» **What the exercise asks**: Transcribe the stretch of entries below from the line with "Moderne Lampen|Designerlampen*Elstead LED" through the line with "Collared Coach Jacket - black - 2", exactly and with both ends included; leave out all other lines.

» **Extracted information**:
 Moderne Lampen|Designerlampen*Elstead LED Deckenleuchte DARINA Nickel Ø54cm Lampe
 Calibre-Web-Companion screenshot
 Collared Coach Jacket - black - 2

==

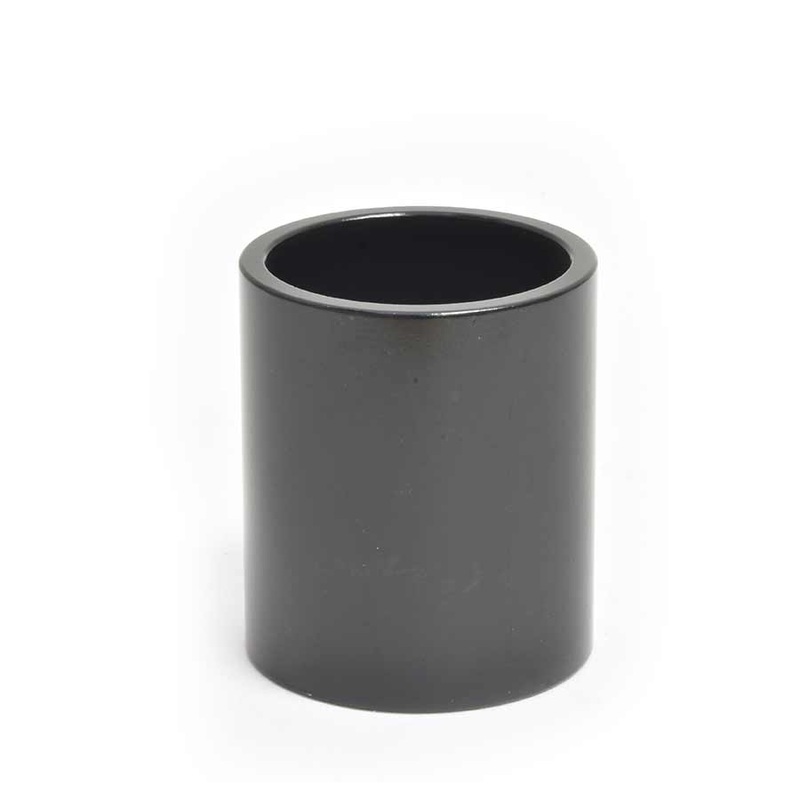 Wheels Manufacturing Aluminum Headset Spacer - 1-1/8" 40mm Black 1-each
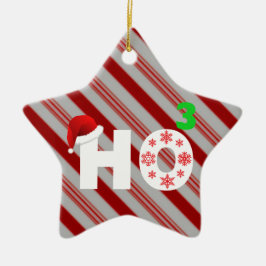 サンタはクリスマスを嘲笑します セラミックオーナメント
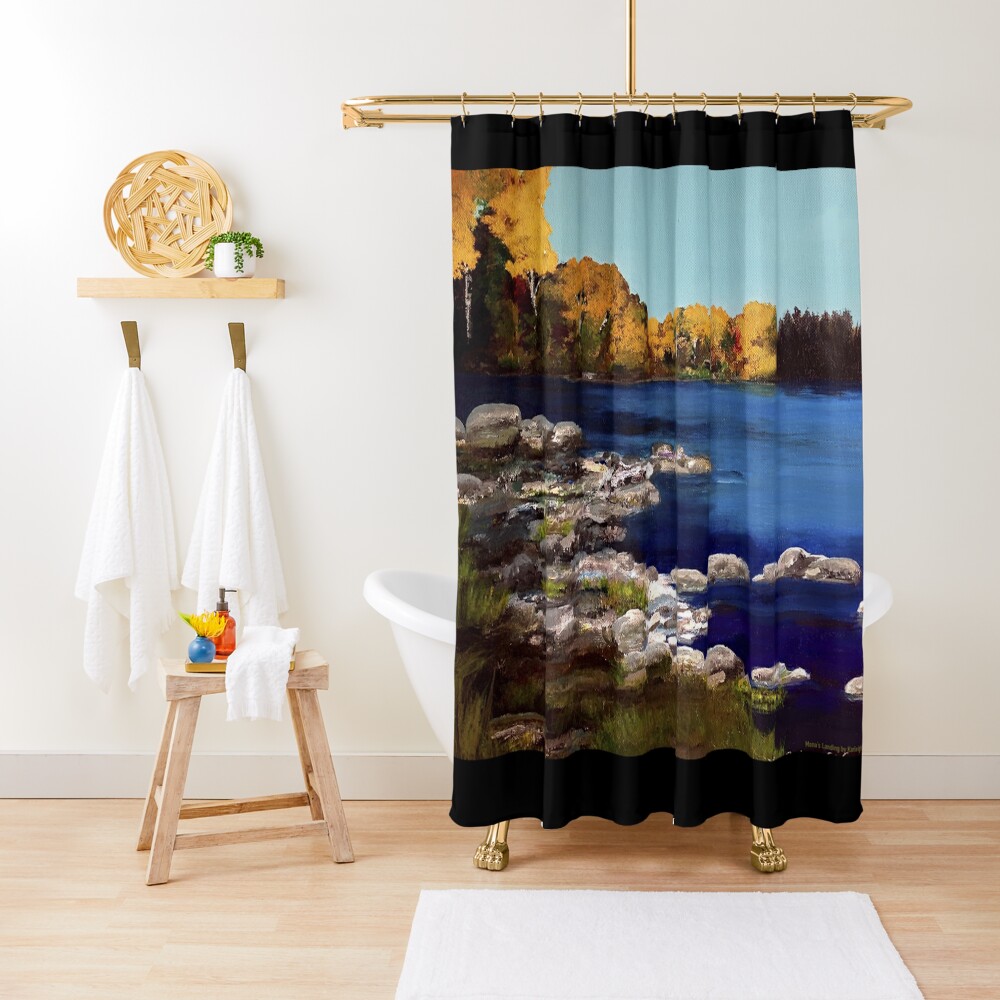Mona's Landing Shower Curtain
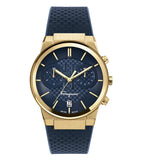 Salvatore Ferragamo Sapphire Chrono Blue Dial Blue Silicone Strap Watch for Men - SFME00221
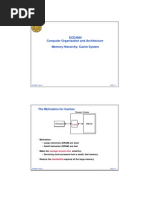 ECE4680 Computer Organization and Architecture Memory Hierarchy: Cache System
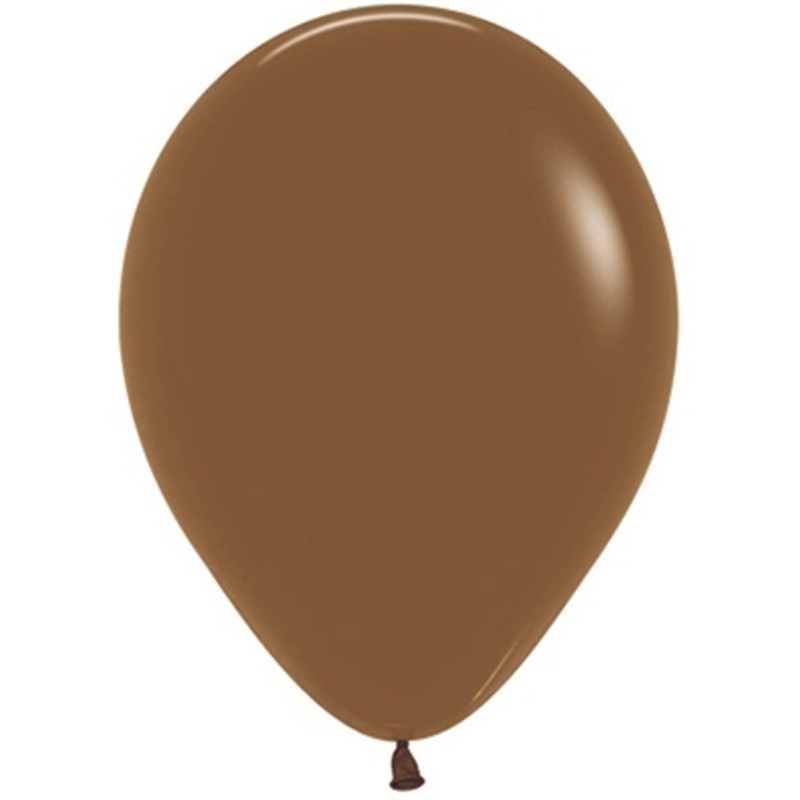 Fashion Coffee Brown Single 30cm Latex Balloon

---

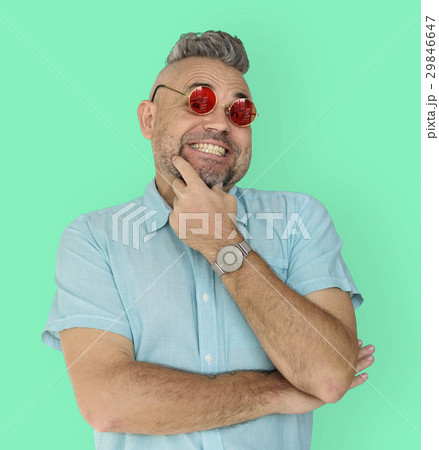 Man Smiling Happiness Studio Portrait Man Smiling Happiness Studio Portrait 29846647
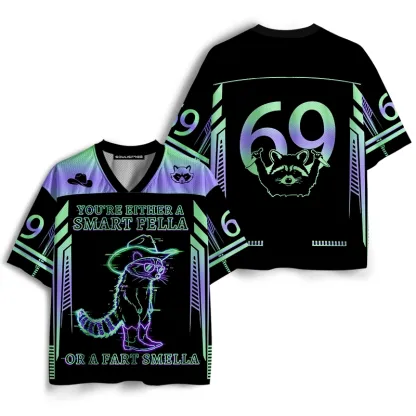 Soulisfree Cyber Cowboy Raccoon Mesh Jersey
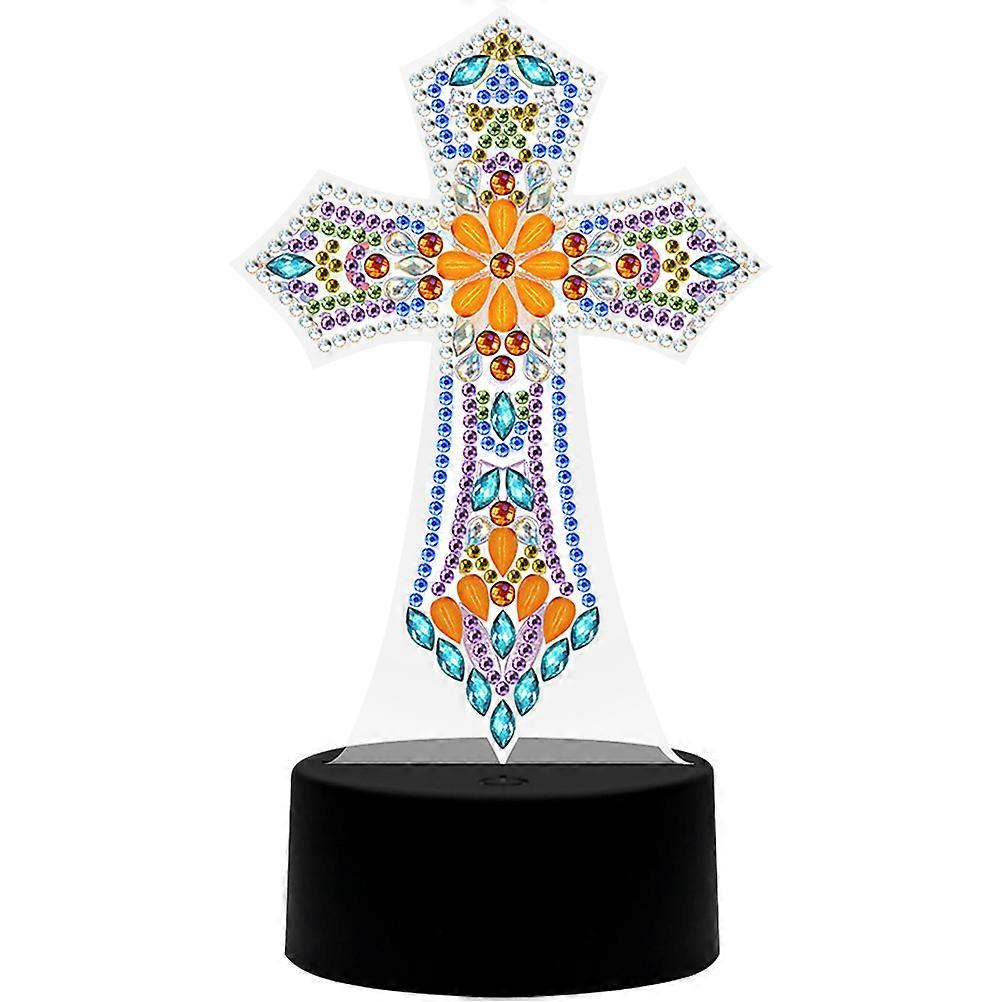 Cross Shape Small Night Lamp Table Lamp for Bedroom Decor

» **Solution to this task**:
 Moderne Lampen|Designerlampen*Elstead LED Deckenleuchte DARINA Nickel Ø54cm Lampe
 Calibre-Web-Companion screenshot
 Collared Coach Jacket - black - 2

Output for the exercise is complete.